Busoni's opera, Doktor Faust, is not necessarily the greatest musical rendering of Faust - surely that has to be Berlioz who puts all the fun into the music that one might accuse Goethe of lacking (though not for lack of trying...), but Busoni's is surely the closest to Goethe in spirit, and as consequential to understanding the music of the 20th century as Elektra or Wozzeck, and yet it is no more an opera than Goethe's Faust is a play. I do not expect to see Doktor Faust in the opera house more than once, if I ever see it at all. I suspect that Doktor Faust works best on recording, in the opera house of the imagination. To dramatize the ideas of Faust, you need to be a true man of the theater which neither Busoni nor Goethe were. I could listen to Berlioz's Faust on repeat every day for a month with nothing but delight, and Gounod's Faust is of course one of the most effective works of opera ever created - a trashy period piece that takes only three good singers to feel like one of the towering art works of all time, and Boito's Mefistofele is it's own bizarre kind of personal masterpiece - the metaphysics of Wagner and Germany externalized into Italian opera much as Russians composers externalized great works of their own literature. I highly doubt that seeing Busoni's Faust on a stage with scenery and live music would add anything to the experience which contemplation in front of a speaker system can't provide better, and I'm not even sure it's a good idea to listen to all of Busoni's Faust at one sitting...

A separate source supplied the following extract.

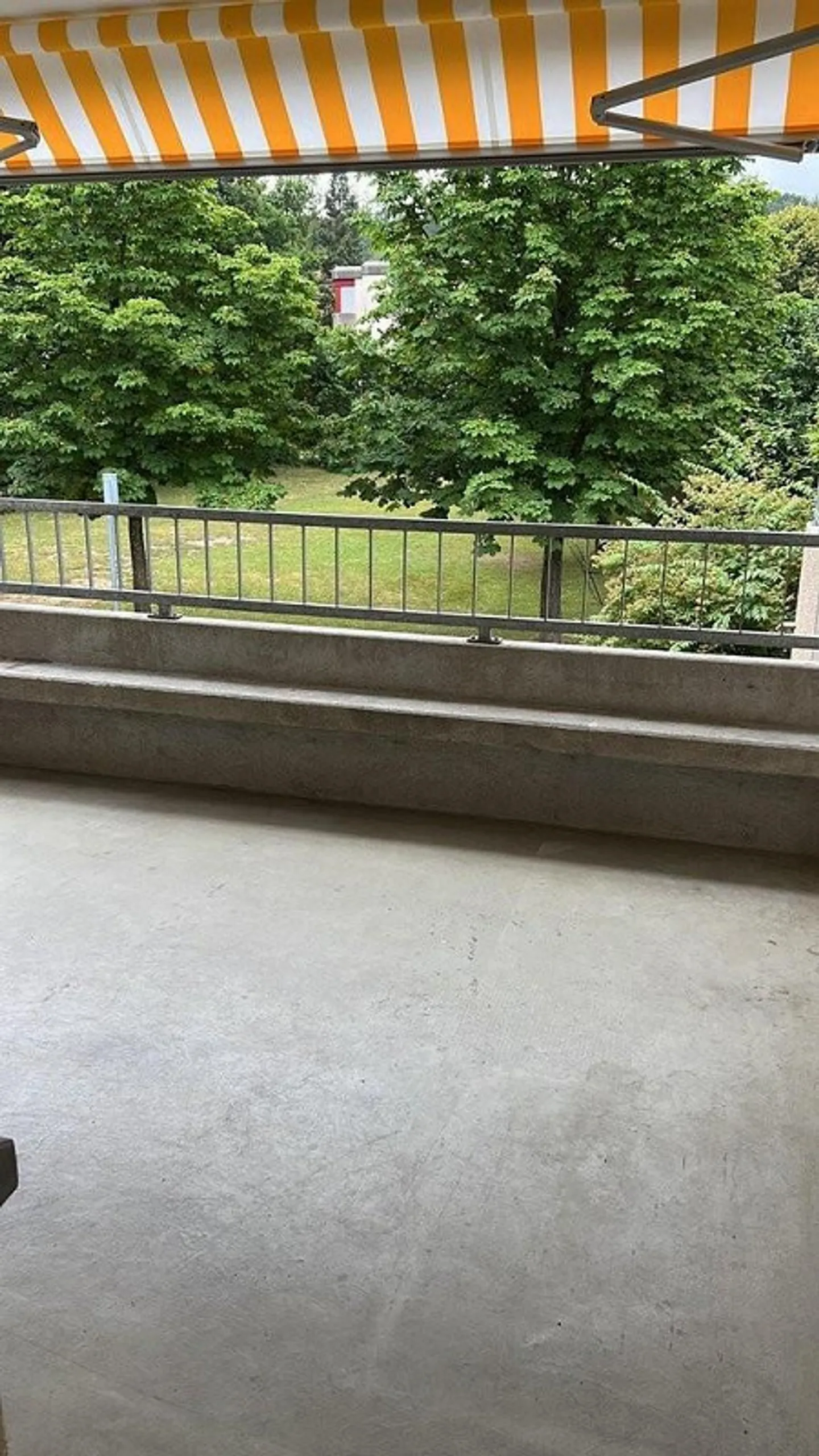 Bright 3.5-room apartment with a view of greenery - Photo 8 of 9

Busoni's Faust has no true drama, no coloristic effects, it is one of the few works of opera that truly rises to philosophy. Perhaps it would work better in concert performance, but it is a beguiling mystery of a piece, opera for a post-operatic age when it's easier to contemplate its musical mysteries one scene at a time rather than be held captive in a theater which inevitably has no idea how stage it. Perhaps, at least in that sense, its closest operatic relative is Bartok's Bluebeard's Castle.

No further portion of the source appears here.